BEGIN Information given

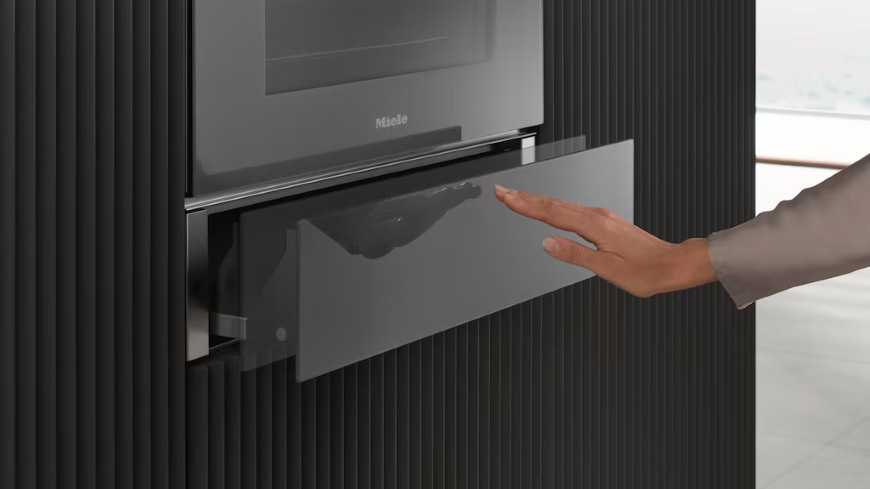 Ohrievacia zásuvka Miele ESW 7010 sivá farba Push2Open technológia otvárania Miele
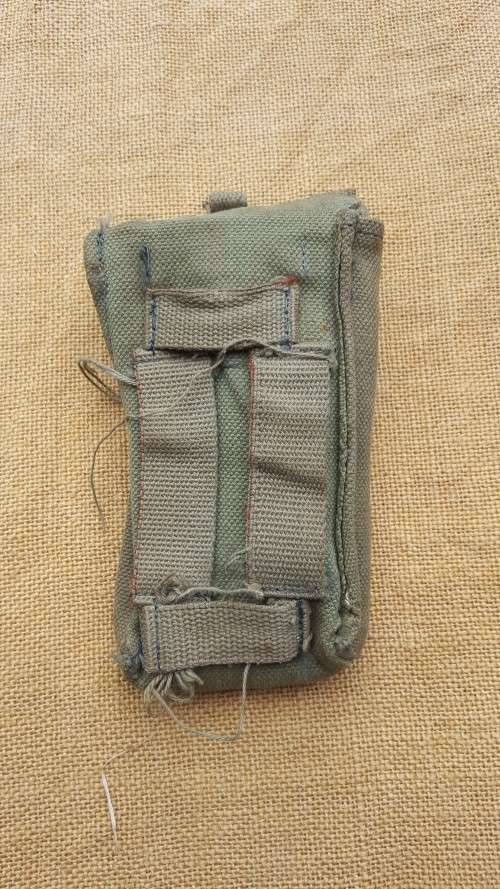 a very rare find - very scarce Rhodesian single mag patt 69 ammo pouch in great condition (nr2)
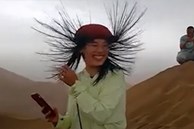 Du khách sửng sốt khi tóc bị dựng đứng giữa sa mạc ở Trung Quốc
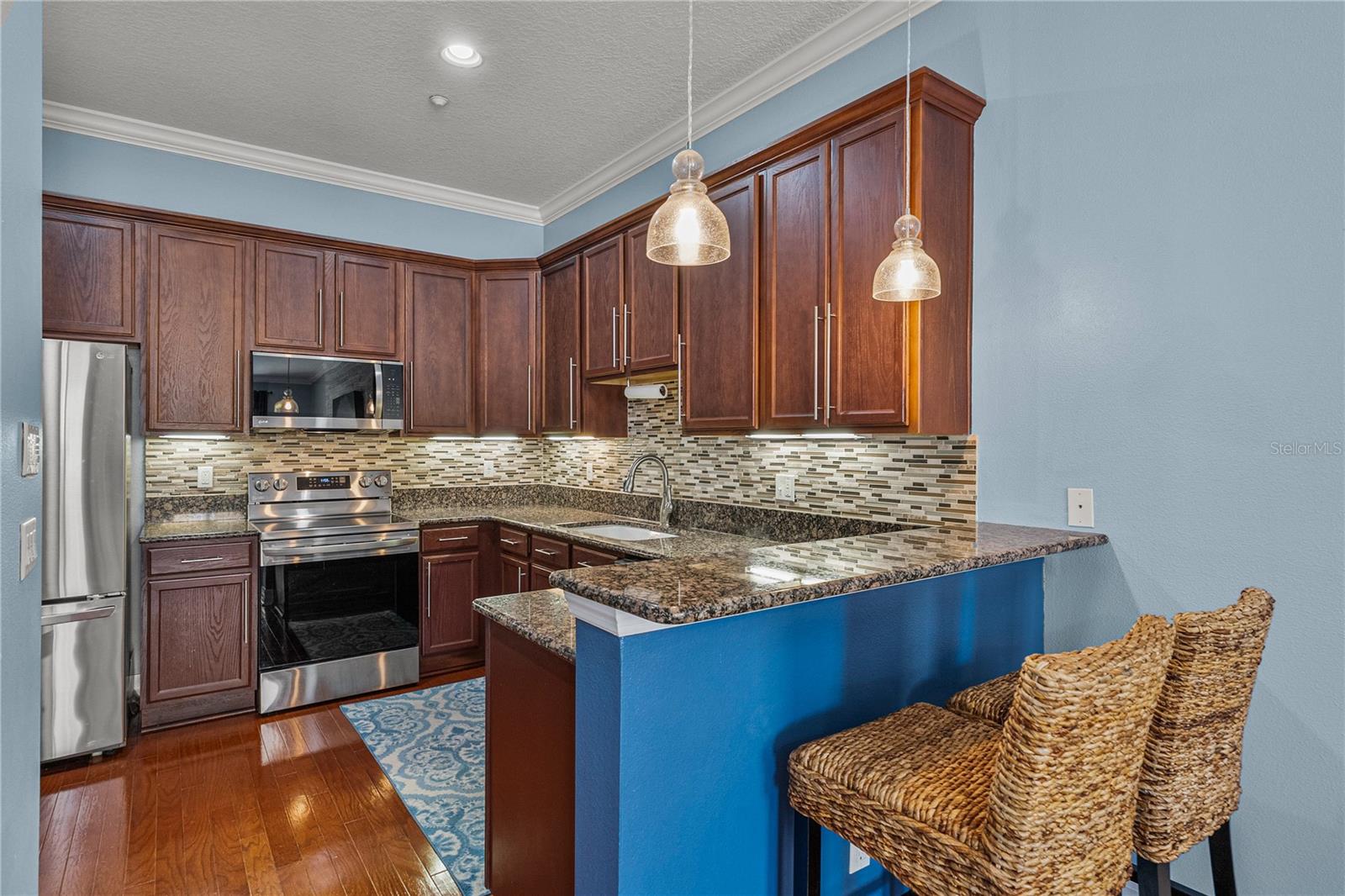 Image 33 of 100 For 6411 Mayra Shores Lane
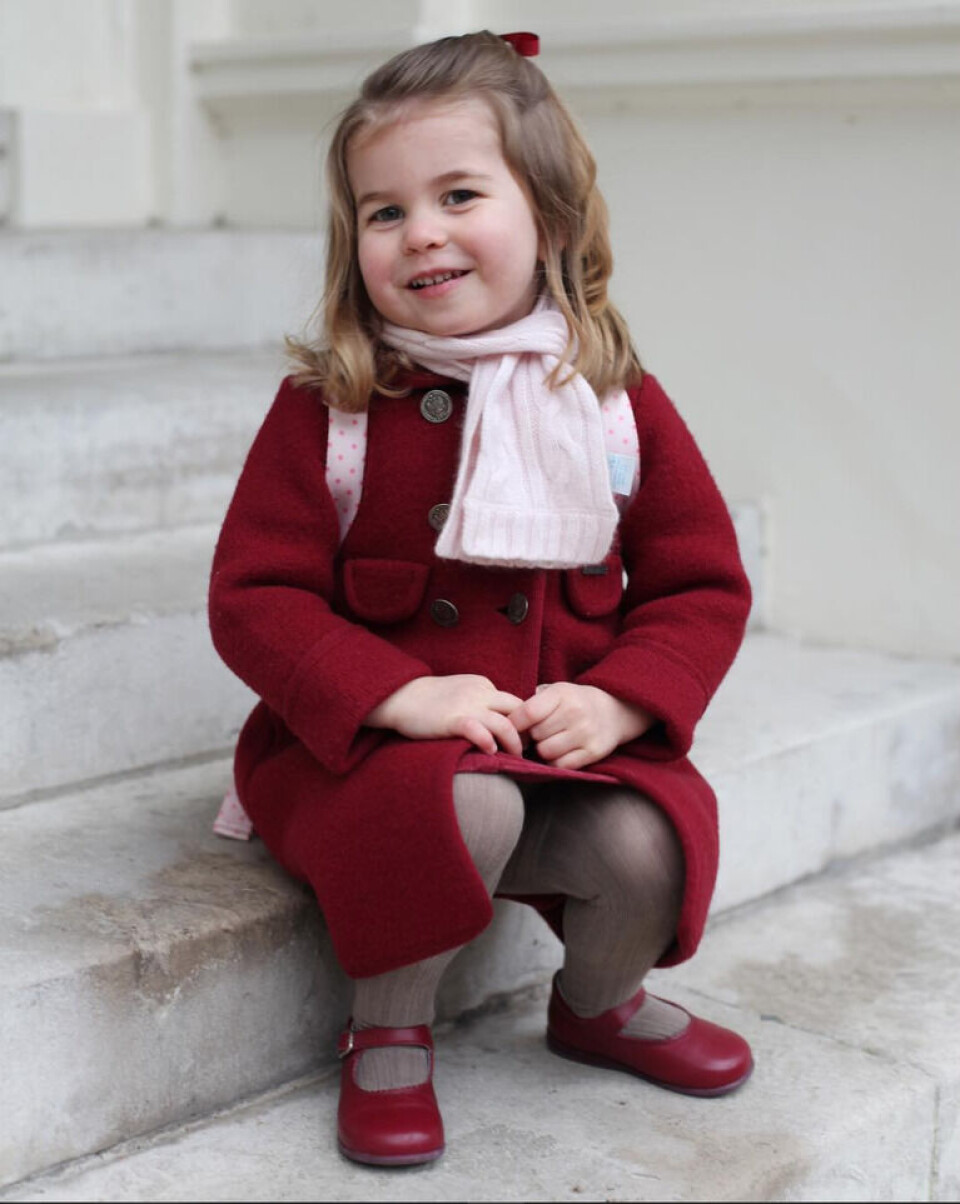 Lille prinsesse Charlottes første skoledag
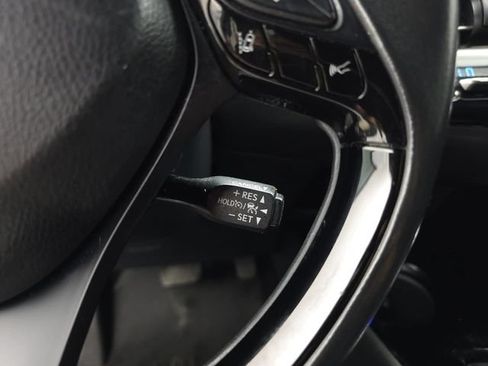 Used 2021 Toyota C-HR XLE FWD image 29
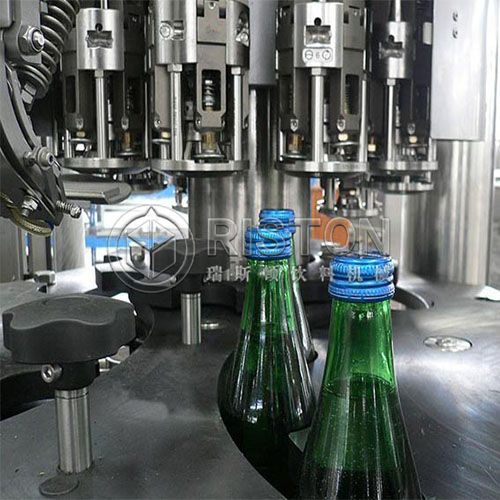 Three Screw Cap Glass Bottle Filling Machine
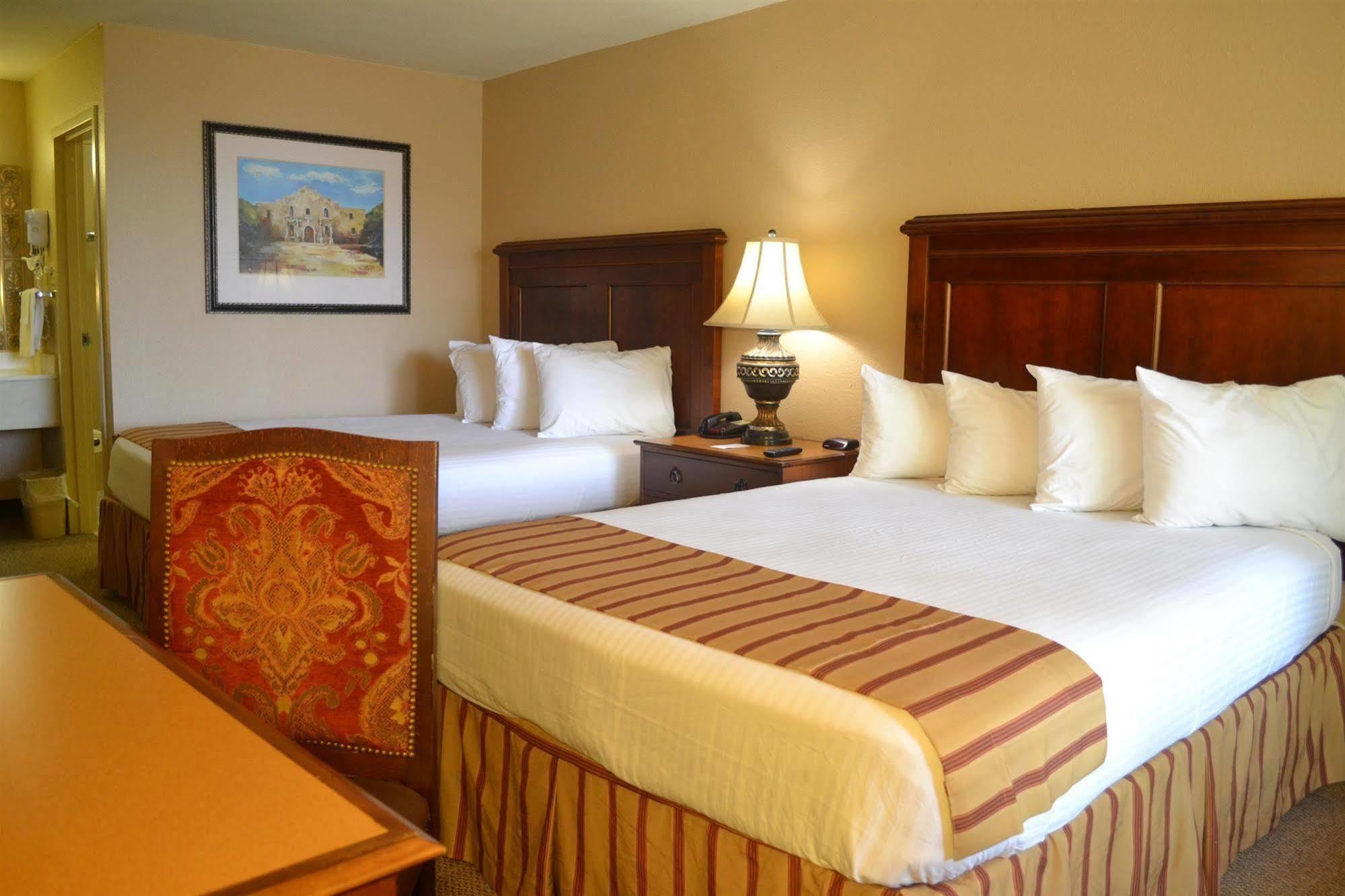 Magnuson Grand Hotel And Conference Center Тилер Екстериор снимка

END Information given

Task description: Return exactly the lines starting at the line with "a very rare" and ending at the last line of the listing, both ends included; pictures are to be left out.

Solved exercise:
 a very rare find - very scarce Rhodesian single mag patt 69 ammo pouch in great condition (nr2)
 Du khách sửng sốt khi tóc bị dựng đứng giữa sa mạc ở Trung Quốc
 Image 33 of 100 For 6411 Mayra Shores Lane
 Lille prinsesse Charlottes første skoledag
 Used 2021 Toyota C-HR XLE FWD image 29
 Three Screw Cap Glass Bottle Filling Machine
 Magnuson Grand Hotel And Conference Center Тилер Екстериор снимка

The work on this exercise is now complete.